Québec avait refusé le projet de terminal à Saguenay, mais en raison de la menace de l’administration Trump, M. Legault ainsi que certains de ses ministres sont maintenant prêts à réévaluer les projets qui permettraient de désenclaver les hydrocarbures de l’Alberta pour les exporter en Europe notamment.

M. Legault a fait référence à Énergie Est, mais aussi GNL-Québec, un projet de transport de gaz.

Le premier ministre du Québec s'est également dit en faveur, au cours d'une récente déclaration au Salon rouge, de «travailler à un vrai libre-échange entre les provinces canadiennes».

Aux yeux de Karl Blackburn, président et chef de la direction du Conseil du patronat du Québec, «tout doit être repensé», y compris en matière d'oléoducs.

«Nous avons des valeurs au Québec et au Canada et ces valeurs ont fait les sociétés dans lesquelles nous évoluons, mais en même temps, on ne peut pas ignorer que le monde autour de nous est en train de changer, a-t-il dit vendredi. Et si on imagine qu'on est seuls sur une île, eh bien on va se retrouver seuls et malheureusement affaiblis.»

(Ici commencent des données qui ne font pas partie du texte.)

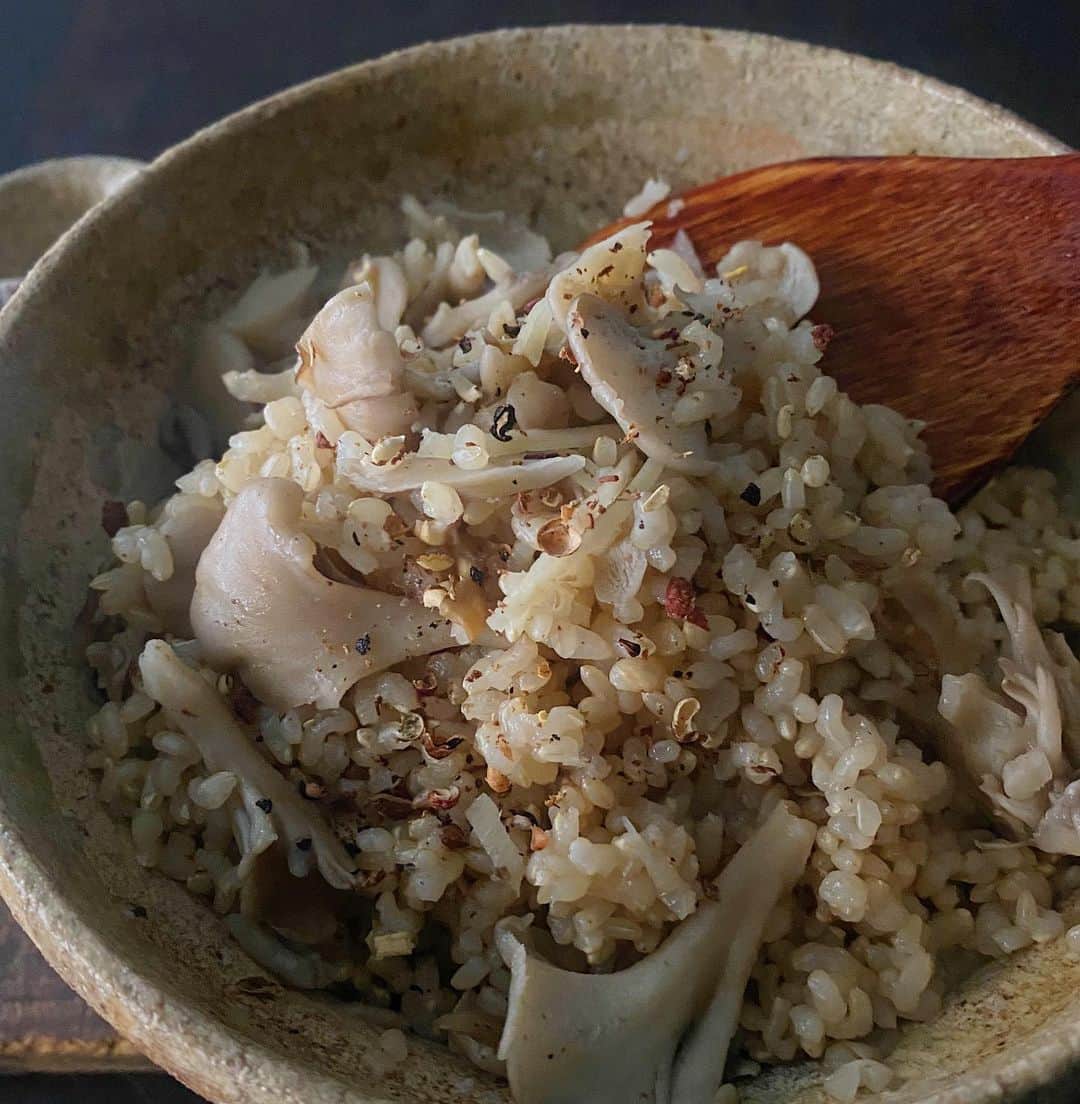 後藤しおりのインスタグラム：「自家製水餃子の発送最終日。賄いは冷蔵庫に残っていた舞茸の底に溜まったカケラをかき集め、玄米で舞茸花椒ごはん。カケラがたくさんあったので、残りはそうめん南瓜の中にできたもやしと一緒に甘酒を使った炒めもの。どれも美味しくて大満足だけれど、お腹の中が舞茸だらけ。糠漬けもたっぷり食べました。あっという間にペロリ。」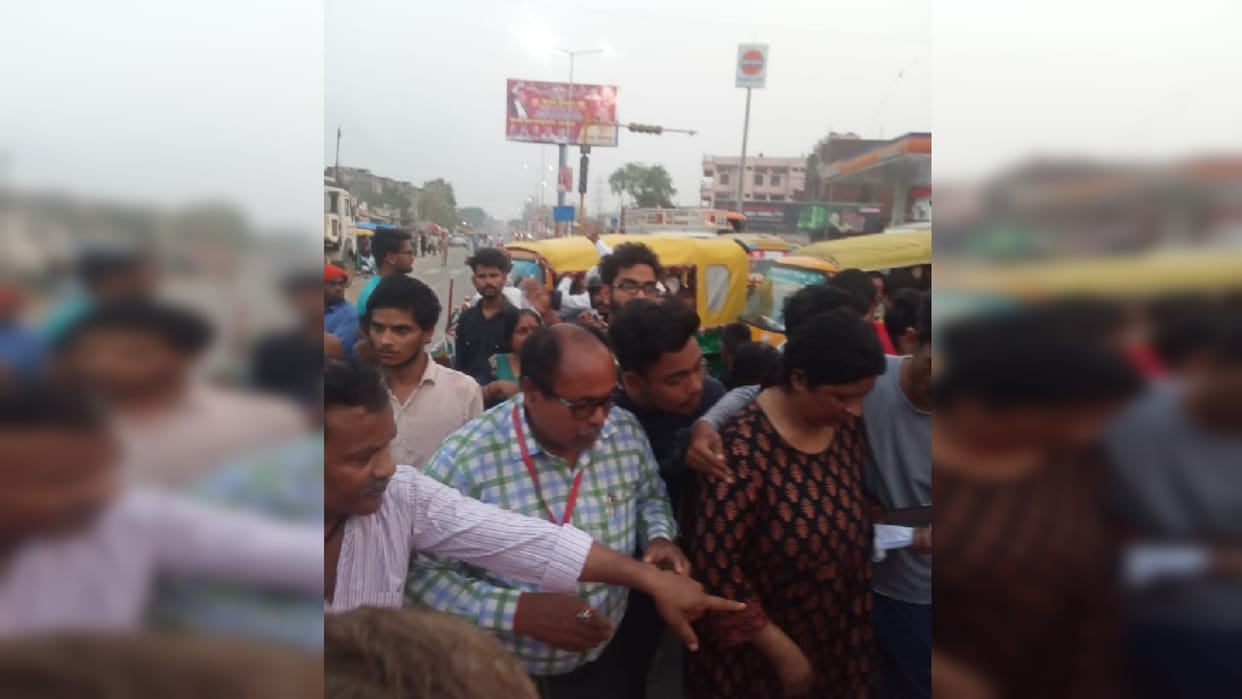 Uproar over death of young man in Gorakhpur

Les participants au «sommet» étaient, pour la vaste majorité, des Canadiens, mais une Américaine qui s'est entretenue avec les médias, Beth Burke, a soutenu que le milieu des affaires est «très conscient» que les économies canadienne et américaine sont «interconnectées».

«Notre main-d'œuvre l'est. (...) Je pense que l'Américain moyen réalise rapidement à quel point c'est important», croit celle qui dirige l'association commerciale Canadian American Business Council.

Le sénateur Yussuff est d'avis que les premiers ministres provinciaux actuels n'avaient pas besoin d'être sur place vendredi, relevant qu'ils font partie de la discussion générale sur la réponse du Canada face aux menaces de M. Trump.

Le Conseil de la fédération, qui réunit les premiers ministres des provinces et territoires, doit se rendre en mission à Washington la semaine prochaine.